Baptist Mission Australia
- Formation: 1864
- Type: Mission Organisation
- Headquarters: Melbourne, Australia
- Executive Director: Scott Pilgrim
- Website: Official website

= Baptist Mission Australia =

Christian missionary society in Australia

Baptist Mission Australia, formerly Global Interaction, the Australian Baptist Missionary Society, and originally the Australian Baptist Foreign Mission, is a Christian missionary society founded by Baptists in Australia in 1864. The national office is in Melbourne.

==History==
Australian Baptists had been sending money to the Baptist Missionary Society in London as their expression of interest in mission. The South Australian Baptist Missionary Society was founded at Flinders Street Baptist Church on 10 November 1864 under Rev Silas Mead, and the first missionaries, Ellen Arnold and Marie Gilbert, were sent to East Bengal in 1882. Arnold returned to Australia in 1884 suffering illness and undertook a tour of the colonies and New Zealand which became known as the "crusade of Ellen Arnold." This led to the establishment of the Queensland and New Zealand Baptist Missionary Societies. Four other young women decided to join her (becoming known as the "five barley loaves") in East Bengal, which then became the primary mission field for Australian Baptists. Between 1882 and 1913, the colonial societies sent fifty-four women and sixteen men to Bengal, including Mead's son Dr Cecil Mead and his wife Alice. The women visited Indian women in their zenanas. The work of the mission was almost solely focused in India for 80 years. Wilton Hack, a South Australian Baptist pastor, had raised private funds to go to Japan in 1874, not wanting to take money prioritised to the work in Faridpur.

The various state missionary societies federated in 1913 as the Australian Baptist Mission. It was renamed the Australian Baptist Missionary Society in 1959 and then Global Interaction in 2002.

Work in Papua New Guinea began in 1949, at the urging of returned World War II chaplains, with focus on Bible translation as well as health and education.
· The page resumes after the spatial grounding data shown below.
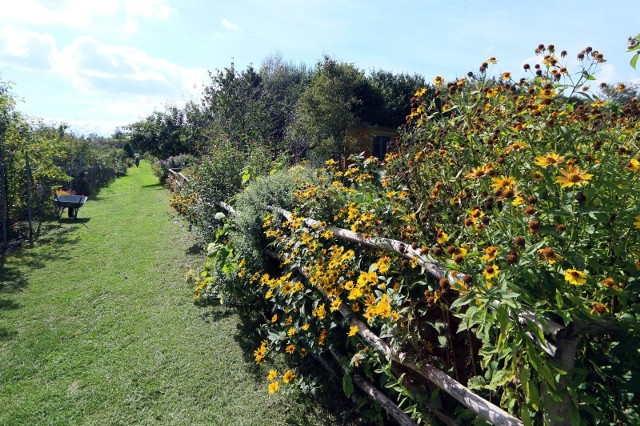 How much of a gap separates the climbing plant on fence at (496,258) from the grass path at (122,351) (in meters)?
0.64

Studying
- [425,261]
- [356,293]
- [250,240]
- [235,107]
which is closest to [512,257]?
[425,261]

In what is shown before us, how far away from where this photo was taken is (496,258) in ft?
4.44

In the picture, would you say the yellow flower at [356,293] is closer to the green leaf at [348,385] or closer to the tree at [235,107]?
the green leaf at [348,385]

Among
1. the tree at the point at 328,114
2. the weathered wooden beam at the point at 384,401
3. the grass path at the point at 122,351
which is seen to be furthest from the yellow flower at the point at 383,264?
the tree at the point at 328,114

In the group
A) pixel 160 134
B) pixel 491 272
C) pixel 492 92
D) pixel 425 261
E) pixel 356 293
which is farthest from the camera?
pixel 160 134

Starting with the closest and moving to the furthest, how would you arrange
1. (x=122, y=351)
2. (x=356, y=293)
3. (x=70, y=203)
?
(x=356, y=293), (x=122, y=351), (x=70, y=203)

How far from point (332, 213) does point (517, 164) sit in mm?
1718

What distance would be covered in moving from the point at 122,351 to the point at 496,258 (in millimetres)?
3706

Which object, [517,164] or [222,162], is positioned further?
[222,162]

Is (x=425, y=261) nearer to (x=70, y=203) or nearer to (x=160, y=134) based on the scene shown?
(x=70, y=203)

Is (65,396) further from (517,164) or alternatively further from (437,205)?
(517,164)

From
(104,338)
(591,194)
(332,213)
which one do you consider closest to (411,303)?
(591,194)

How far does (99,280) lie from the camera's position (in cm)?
593

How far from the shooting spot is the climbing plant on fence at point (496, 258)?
126 centimetres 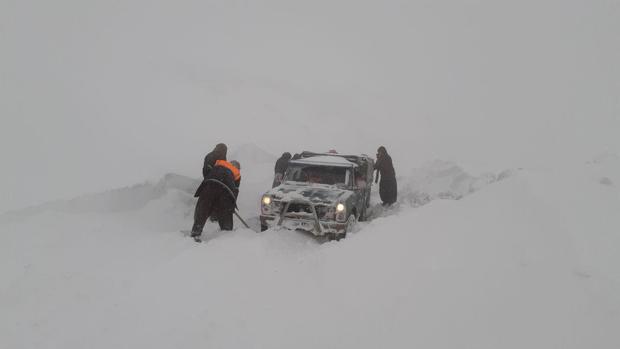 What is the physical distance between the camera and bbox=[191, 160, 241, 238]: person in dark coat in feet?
21.9

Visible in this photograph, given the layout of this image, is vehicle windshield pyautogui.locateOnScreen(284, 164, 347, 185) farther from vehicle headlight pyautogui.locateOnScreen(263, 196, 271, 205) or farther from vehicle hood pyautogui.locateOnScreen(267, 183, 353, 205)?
vehicle headlight pyautogui.locateOnScreen(263, 196, 271, 205)

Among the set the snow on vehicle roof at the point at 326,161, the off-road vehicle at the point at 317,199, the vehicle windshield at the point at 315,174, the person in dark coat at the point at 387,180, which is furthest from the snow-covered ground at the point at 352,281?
the person in dark coat at the point at 387,180

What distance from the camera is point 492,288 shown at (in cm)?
397

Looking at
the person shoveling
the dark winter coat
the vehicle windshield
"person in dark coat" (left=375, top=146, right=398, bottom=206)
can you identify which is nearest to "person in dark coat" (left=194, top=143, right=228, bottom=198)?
the person shoveling

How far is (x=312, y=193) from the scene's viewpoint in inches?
280

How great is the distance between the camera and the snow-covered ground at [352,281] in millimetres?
3512

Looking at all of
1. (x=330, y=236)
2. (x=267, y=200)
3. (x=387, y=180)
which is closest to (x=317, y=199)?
(x=330, y=236)

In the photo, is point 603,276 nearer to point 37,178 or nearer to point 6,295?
point 6,295

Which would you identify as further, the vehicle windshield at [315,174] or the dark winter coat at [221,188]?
the vehicle windshield at [315,174]

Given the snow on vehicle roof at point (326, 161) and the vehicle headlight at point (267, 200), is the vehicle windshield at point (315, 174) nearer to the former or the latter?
the snow on vehicle roof at point (326, 161)

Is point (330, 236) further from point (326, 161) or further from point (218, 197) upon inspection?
point (218, 197)

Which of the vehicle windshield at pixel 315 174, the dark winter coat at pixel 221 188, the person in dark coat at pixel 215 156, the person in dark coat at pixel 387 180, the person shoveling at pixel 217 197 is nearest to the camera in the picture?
the person shoveling at pixel 217 197

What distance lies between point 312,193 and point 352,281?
2787mm

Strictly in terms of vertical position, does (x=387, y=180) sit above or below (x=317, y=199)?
below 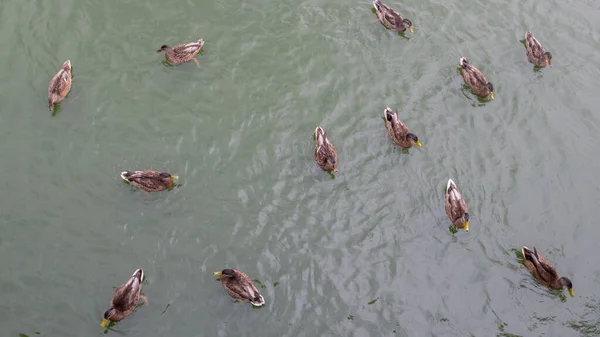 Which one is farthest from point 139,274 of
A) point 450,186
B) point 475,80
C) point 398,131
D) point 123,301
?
point 475,80

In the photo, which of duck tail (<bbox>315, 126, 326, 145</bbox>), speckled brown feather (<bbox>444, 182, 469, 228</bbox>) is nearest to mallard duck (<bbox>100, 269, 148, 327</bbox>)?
duck tail (<bbox>315, 126, 326, 145</bbox>)

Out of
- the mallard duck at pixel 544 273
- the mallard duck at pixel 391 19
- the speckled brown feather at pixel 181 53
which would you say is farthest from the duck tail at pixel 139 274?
the mallard duck at pixel 391 19

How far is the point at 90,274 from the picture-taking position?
963cm

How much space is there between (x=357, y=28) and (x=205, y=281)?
652 centimetres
By 1995 the Baptist Union of Papua New Guinea had 35,000 members.

Workers were later sent to Papua and Timor, and then to Zambia and Zimbabwe, later moving to Malawi and Mozambique. More recent locations include Thailand in 1972, Cambodia, and Kazakhstan. In many locations, the goal has been to develop the indigenous church and work towards handover.
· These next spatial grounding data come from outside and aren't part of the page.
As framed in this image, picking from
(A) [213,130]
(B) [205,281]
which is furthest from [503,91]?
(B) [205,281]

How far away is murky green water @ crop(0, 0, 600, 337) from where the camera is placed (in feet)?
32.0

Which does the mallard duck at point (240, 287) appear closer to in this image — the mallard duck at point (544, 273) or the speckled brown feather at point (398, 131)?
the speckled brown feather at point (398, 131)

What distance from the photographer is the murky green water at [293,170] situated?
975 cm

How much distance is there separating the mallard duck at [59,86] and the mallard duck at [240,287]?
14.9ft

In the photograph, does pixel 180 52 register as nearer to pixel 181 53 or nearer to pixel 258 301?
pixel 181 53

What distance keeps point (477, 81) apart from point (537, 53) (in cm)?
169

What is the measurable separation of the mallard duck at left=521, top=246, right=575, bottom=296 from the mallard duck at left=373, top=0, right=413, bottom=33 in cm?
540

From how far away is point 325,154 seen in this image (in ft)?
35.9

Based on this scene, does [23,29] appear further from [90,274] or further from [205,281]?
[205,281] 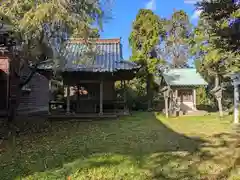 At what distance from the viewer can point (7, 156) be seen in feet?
20.8

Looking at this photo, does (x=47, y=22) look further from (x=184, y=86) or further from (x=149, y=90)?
(x=149, y=90)

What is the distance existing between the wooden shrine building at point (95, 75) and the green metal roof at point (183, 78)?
18.3 ft

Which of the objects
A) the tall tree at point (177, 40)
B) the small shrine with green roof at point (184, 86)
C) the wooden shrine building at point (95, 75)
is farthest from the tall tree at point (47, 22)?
the tall tree at point (177, 40)

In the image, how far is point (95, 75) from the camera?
16.0 meters

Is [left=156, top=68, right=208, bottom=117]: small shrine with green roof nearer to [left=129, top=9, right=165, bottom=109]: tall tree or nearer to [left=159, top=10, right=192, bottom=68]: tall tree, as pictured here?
[left=129, top=9, right=165, bottom=109]: tall tree

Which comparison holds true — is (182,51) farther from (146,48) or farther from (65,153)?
(65,153)

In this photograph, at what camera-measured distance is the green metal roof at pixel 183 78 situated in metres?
21.2

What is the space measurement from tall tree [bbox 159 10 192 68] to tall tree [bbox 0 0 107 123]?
22.6 meters

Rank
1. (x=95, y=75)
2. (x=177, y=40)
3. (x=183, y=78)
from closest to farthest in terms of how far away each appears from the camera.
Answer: (x=95, y=75)
(x=183, y=78)
(x=177, y=40)

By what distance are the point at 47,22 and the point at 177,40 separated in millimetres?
27696

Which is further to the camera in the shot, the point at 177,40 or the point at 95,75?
the point at 177,40

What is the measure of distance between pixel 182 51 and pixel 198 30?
1575 centimetres

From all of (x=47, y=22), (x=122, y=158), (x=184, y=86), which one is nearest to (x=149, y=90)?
(x=184, y=86)

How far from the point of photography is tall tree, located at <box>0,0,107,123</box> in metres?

Baptist missionary services to Aboriginal communities in Central Australia began in 1947 under the Australian Baptist Federal Home Mission Board. This became part of ABMS in the 1970s.

As of 2013, Global Interaction had 123 missionaries working in 17 different regions.

The mission has produced a magazine called Vision since 1950. They have also published papers and biographies by a number of their missionaries.

In November 2021, Global Interaction changed its name to Baptist Mission Australia.